*Aim of the exercise*
Using the records below, output the stretch that opens with the line containing "Timberland Premium 6" and closes with the line containing "Magical Sparkling Cider", exactly and including both lines, with nothing more.

*Data listing*
——————
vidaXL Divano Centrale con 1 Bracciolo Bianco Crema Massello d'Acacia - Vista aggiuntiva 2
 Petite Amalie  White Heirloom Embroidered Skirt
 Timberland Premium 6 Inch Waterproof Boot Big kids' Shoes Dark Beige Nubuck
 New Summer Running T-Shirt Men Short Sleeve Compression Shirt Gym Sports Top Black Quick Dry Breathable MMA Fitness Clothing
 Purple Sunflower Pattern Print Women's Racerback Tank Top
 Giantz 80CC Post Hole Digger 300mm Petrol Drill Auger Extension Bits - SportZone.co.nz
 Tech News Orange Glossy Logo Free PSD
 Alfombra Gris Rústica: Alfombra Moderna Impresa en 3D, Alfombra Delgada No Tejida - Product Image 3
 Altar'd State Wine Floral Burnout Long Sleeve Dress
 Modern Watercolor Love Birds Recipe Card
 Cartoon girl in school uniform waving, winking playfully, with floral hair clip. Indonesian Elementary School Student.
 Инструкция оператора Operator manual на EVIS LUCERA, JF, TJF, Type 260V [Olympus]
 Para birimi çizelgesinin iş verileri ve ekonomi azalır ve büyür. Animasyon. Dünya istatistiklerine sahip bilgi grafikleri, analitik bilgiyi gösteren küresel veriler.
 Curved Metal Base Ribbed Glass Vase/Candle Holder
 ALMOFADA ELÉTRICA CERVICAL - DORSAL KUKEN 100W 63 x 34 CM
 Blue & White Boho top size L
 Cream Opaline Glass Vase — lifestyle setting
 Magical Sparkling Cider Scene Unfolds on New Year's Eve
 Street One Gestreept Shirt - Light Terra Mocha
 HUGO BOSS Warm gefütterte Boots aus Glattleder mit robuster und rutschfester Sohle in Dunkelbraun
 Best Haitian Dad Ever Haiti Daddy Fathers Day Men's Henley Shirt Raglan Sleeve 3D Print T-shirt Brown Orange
——————
*Answer for this exercise*
 Timberland Premium 6 Inch Waterproof Boot Big kids' Shoes Dark Beige Nubuck
 New Summer Running T-Shirt Men Short Sleeve Compression Shirt Gym Sports Top Black Quick Dry Breathable MMA Fitness Clothing
 Purple Sunflower Pattern Print Women's Racerback Tank Top
 Giantz 80CC Post Hole Digger 300mm Petrol Drill Auger Extension Bits - SportZone.co.nz
 Tech News Orange Glossy Logo Free PSD
 Alfombra Gris Rústica: Alfombra Moderna Impresa en 3D, Alfombra Delgada No Tejida - Product Image 3
 Altar'd State Wine Floral Burnout Long Sleeve Dress
 Modern Watercolor Love Birds Recipe Card
 Cartoon girl in school uniform waving, winking playfully, with floral hair clip. Indonesian Elementary School Student.
 Инструкция оператора Operator manual на EVIS LUCERA, JF, TJF, Type 260V [Olympus]
 Para birimi çizelgesinin iş verileri ve ekonomi azalır ve büyür. Animasyon. Dünya istatistiklerine sahip bilgi grafikleri, analitik bilgiyi gösteren küresel veriler.
 Curved Metal Base Ribbed Glass Vase/Candle Holder
 ALMOFADA ELÉTRICA CERVICAL - DORSAL KUKEN 100W 63 x 34 CM
 Blue & White Boho top size L
 Cream Opaline Glass Vase — lifestyle setting
 Magical Sparkling Cider Scene Unfolds on New Year's Eve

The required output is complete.